Mazade v. Justice's Court of Goldfield Township
This text of 172 P. 378 (Mazade v. Justice's Court of Goldfield Township) is published on Counsel Stack Legal Research, covering Nevada Supreme Court primary law. Counsel Stack provides free access to over 12 million legal documents including statutes, case law, regulations, and constitutions.
Opinion
By the Court,
An action was commenced in the justice court of Goldfield township in which one M. C. Peterman was plaintiff and Louis Mazade was defendant. Judgment was entered against defendant in that court and he sued out a writ of certiorari in the district court. The proceedings in the district court were all had under the entitlement, “Louis Mazade v. Justice’s Court of Goldfield Township, in the County of Esmeralda, State of Nevada, and Marvin Arnold, Justice of the Peace of said Justice’s Court.”
In the district court the writ of certiorari.was dismissed. On motion for new trial, the court adhered to its former ruling. Petitioner in the district court, who was defendant in the justice court, has attempted to appeal to this court from the ruling and order of the district court. A motion to dismiss the appeal is earnestly prosecuted here, and we regard at least one point raised as conclusive.
Section 5325, Revised Laws, provides:
“A judgment dr order in a civil action, except when expressly made final by this act, may be reviewed as prescribed by this title, and not otherwise.”
Section 5330, Revised Laws, provides:
“An appeal is taken by filing with the clerk of the court in which the judgment or order appealed from is entered, a notice stating the appeal from the same or some specific part thereof, and within three days thereafter serving a similiar notice or copy thereof on the adverse party or his attorney. * * * The order of service is immaterial, but the appeal is ineffectual for any purpose unless within five days after service of the notice of appeal an undertaking be filed, or a deposit of money be made with the clerk, as hereinafter provided, or the undertaking be waived by the adverse party in writing.”

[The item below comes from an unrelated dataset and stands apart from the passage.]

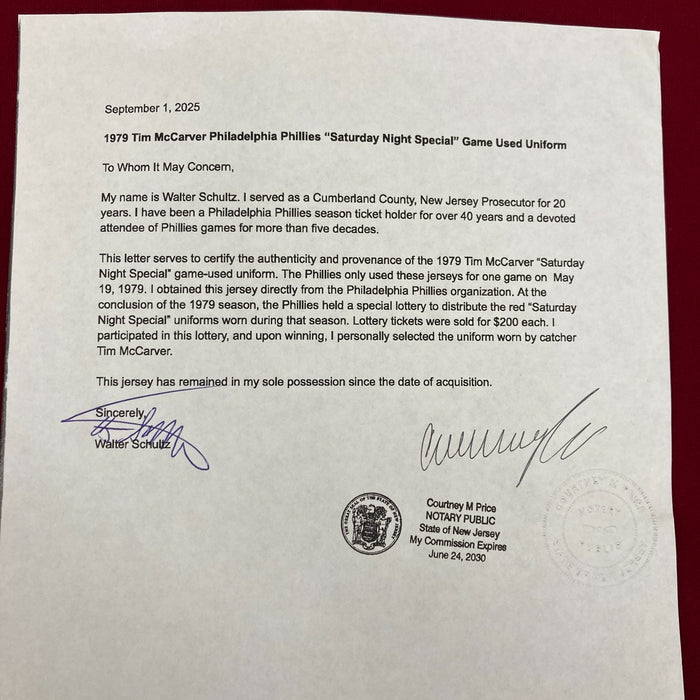 Tim McCarver 1979 Saturday Night Special Phillies Game Used Jersey MEARS A10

[484]*484In this case the only proceeding in which an order or judgment was entered by the district court was in the case of “Louis Mazade v. The Justice Court of Goldfield Township,” etc. The case of Peterman v. Louis Mazade was never in the district court, either by appeal or otherwise. Hence there could be no order or judgment entered in that case in the district court from which appeal could be taken to this court. A bond or undertaking on appeal filed in one case or under one entitlement can certainly not be effectual as a bond or undertaking on appeal in another and entirely different proceeding. Hence there was no bond on appeal filed in the district court in this case as required by the statute.
“No appeal shall be dismissed for insufficiency of the notice of appeal or undertaking thereon; provided, that a good and sufficient undertaking approved by the justices of the supreme court, or.a majority thereof, be filed in the supreme court before the hearing upon motion to dismiss the appeal; provided, that the respondent shall not be delayed, but may move, when the cause is regularly called, for the disposition of the same, if such undertaking be not given,” etc.
The instrument styled “Amended Bond on Appeal,” and purporting to be in the case of Mazade v. Justice’s Court, has never been approved by the justices of this [485]*485court nor by a majority thereof, nor has it ever been presented for approval.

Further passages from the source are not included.